* **Record excerpts**

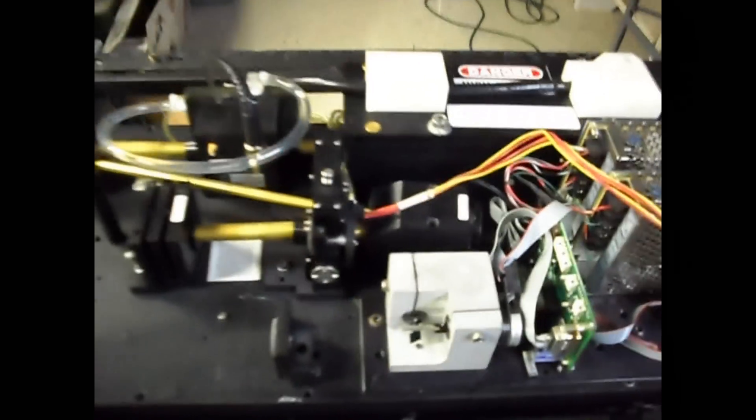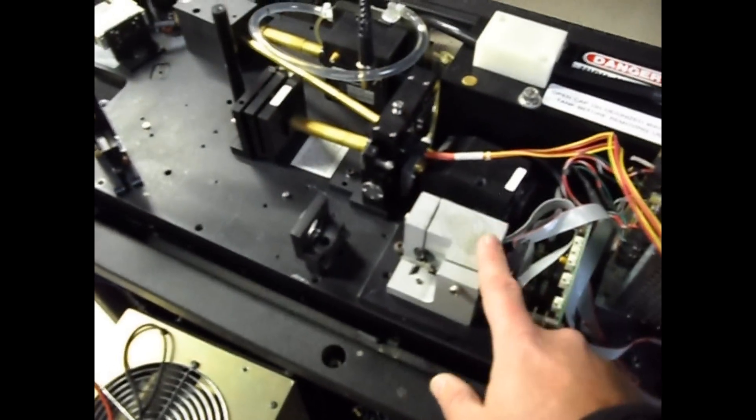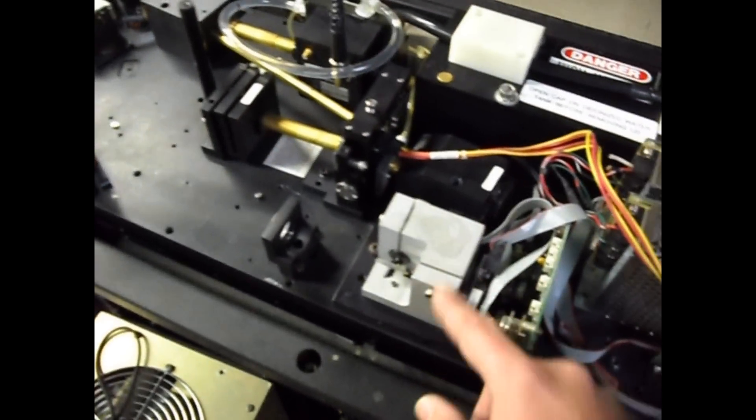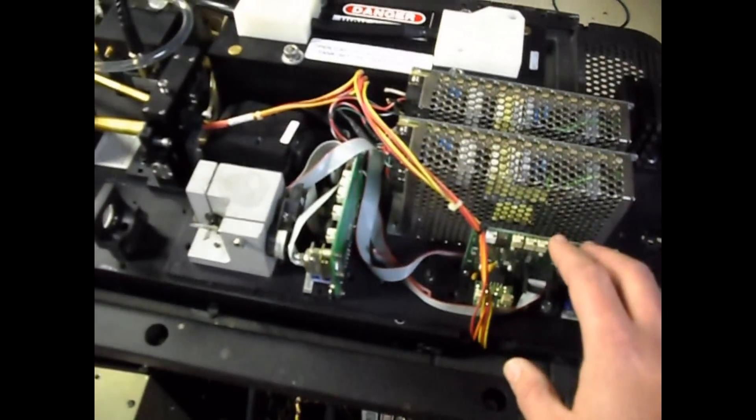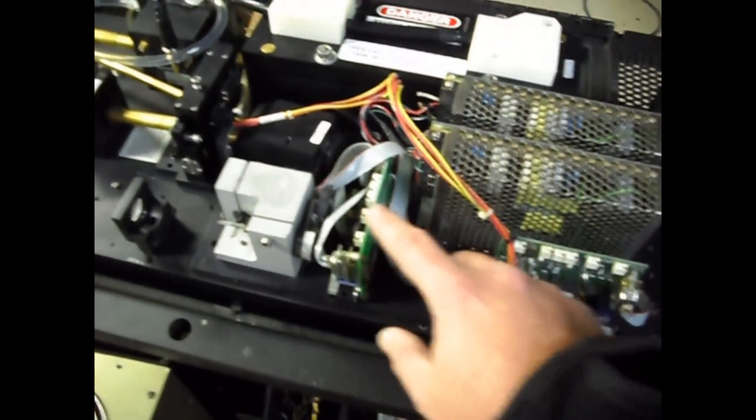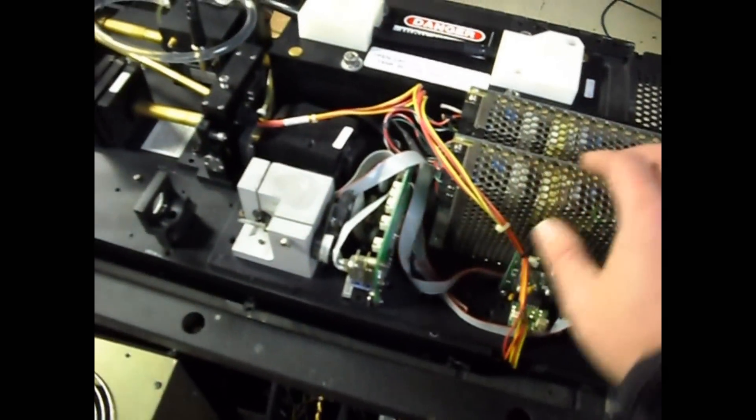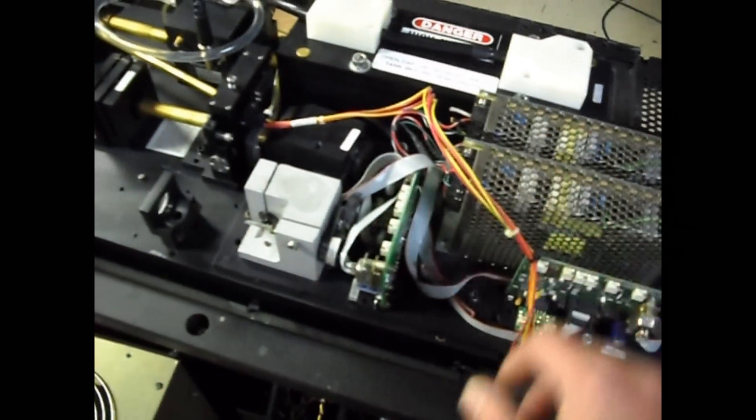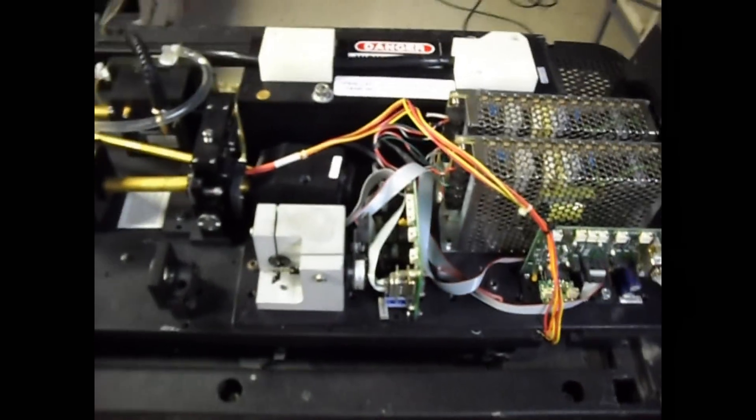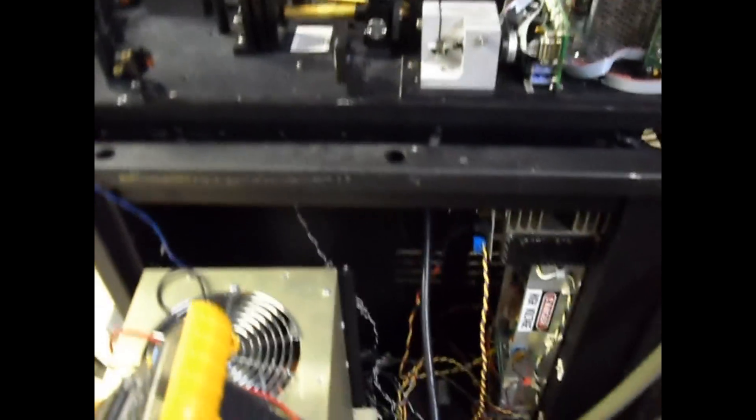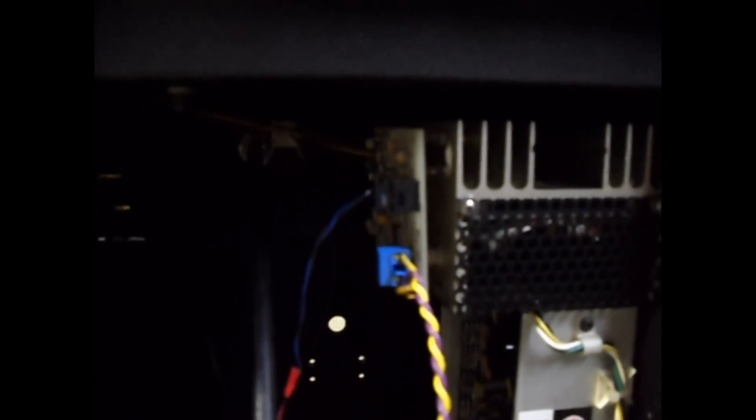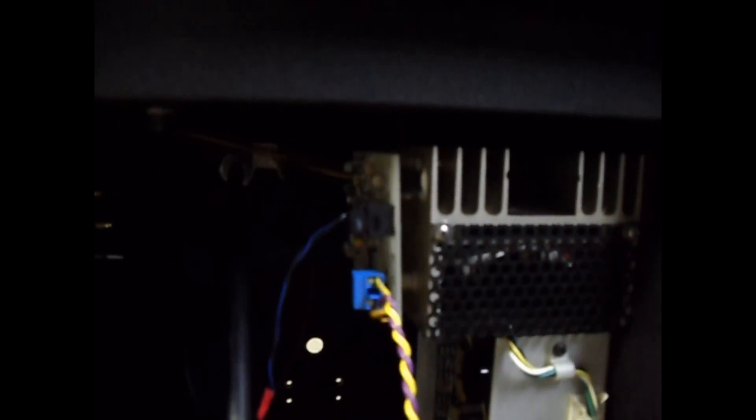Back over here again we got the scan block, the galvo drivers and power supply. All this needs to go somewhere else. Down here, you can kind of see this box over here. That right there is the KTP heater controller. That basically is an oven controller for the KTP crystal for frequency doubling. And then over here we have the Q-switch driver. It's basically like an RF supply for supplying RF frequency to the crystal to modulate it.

* * *

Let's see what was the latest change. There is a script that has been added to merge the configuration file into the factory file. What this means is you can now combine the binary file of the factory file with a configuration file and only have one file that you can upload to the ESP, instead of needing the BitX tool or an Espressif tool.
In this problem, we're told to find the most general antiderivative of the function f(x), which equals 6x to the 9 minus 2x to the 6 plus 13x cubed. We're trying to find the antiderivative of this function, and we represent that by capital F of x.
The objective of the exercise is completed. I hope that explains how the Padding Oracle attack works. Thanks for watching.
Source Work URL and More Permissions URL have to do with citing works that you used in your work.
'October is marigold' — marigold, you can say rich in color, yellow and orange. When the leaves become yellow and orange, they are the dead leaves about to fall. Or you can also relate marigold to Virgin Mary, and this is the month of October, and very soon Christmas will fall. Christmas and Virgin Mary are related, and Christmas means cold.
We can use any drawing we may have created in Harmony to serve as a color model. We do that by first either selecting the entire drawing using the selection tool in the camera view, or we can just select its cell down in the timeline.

--

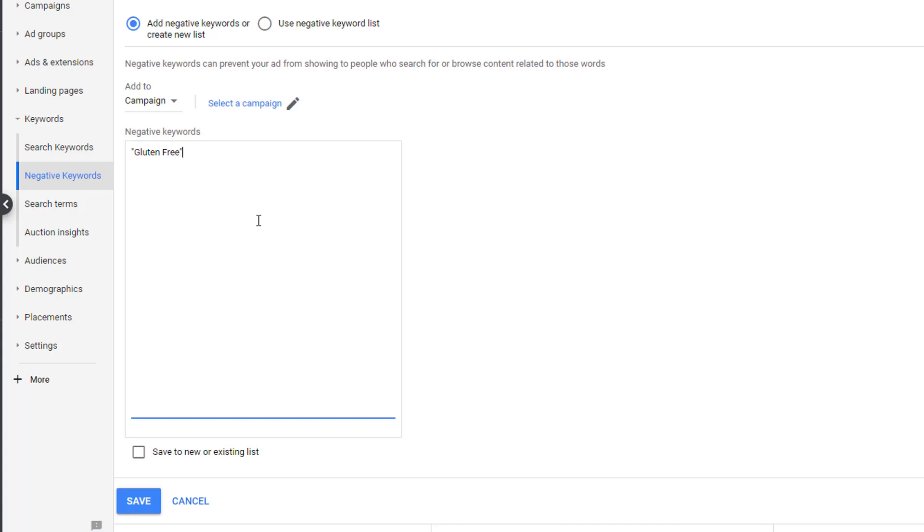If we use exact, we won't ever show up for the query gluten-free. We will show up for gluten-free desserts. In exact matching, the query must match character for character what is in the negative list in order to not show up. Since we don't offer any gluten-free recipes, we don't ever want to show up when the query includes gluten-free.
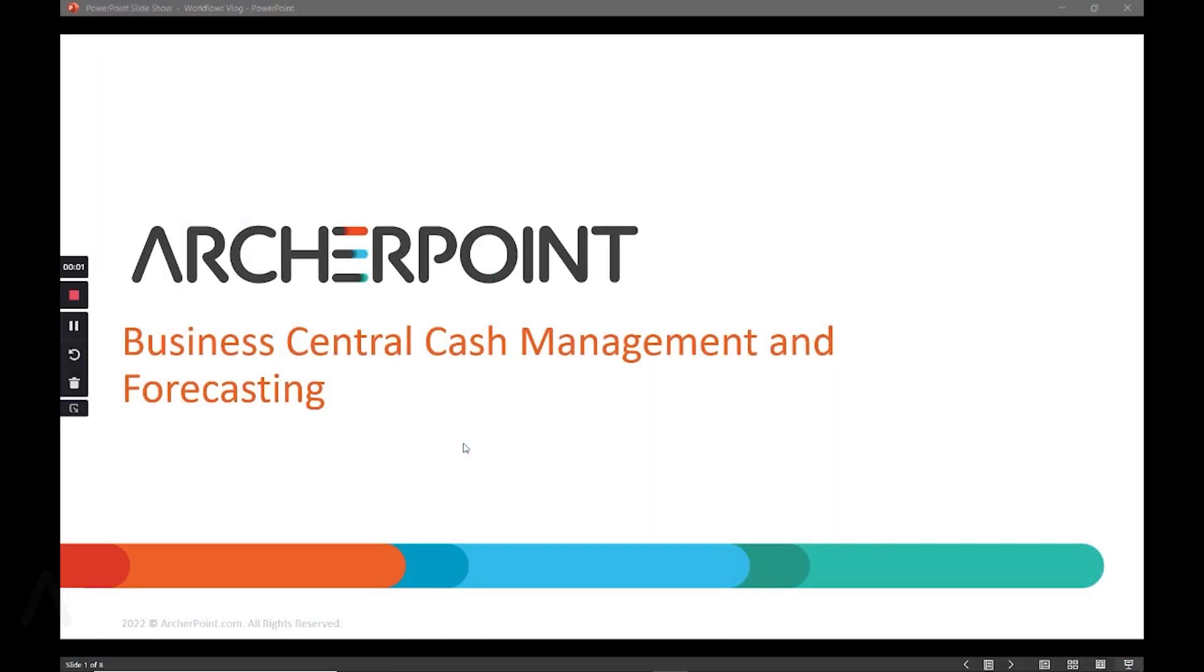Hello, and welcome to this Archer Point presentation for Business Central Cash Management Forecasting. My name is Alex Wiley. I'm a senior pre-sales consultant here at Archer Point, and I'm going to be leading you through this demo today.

* **Task prompt**
Working from the material above, retype exactly the lines from the one with "Source Work URL" through the one with "We can use any", both included, and only those lines.

* **Output of the task**
Source Work URL and More Permissions URL have to do with citing works that you used in your work.
'October is marigold' — marigold, you can say rich in color, yellow and orange. When the leaves become yellow and orange, they are the dead leaves about to fall. Or you can also relate marigold to Virgin Mary, and this is the month of October, and very soon Christmas will fall. Christmas and Virgin Mary are related, and Christmas means cold.
We can use any drawing we may have created in Harmony to serve as a color model. We do that by first either selecting the entire drawing using the selection tool in the camera view, or we can just select its cell down in the timeline.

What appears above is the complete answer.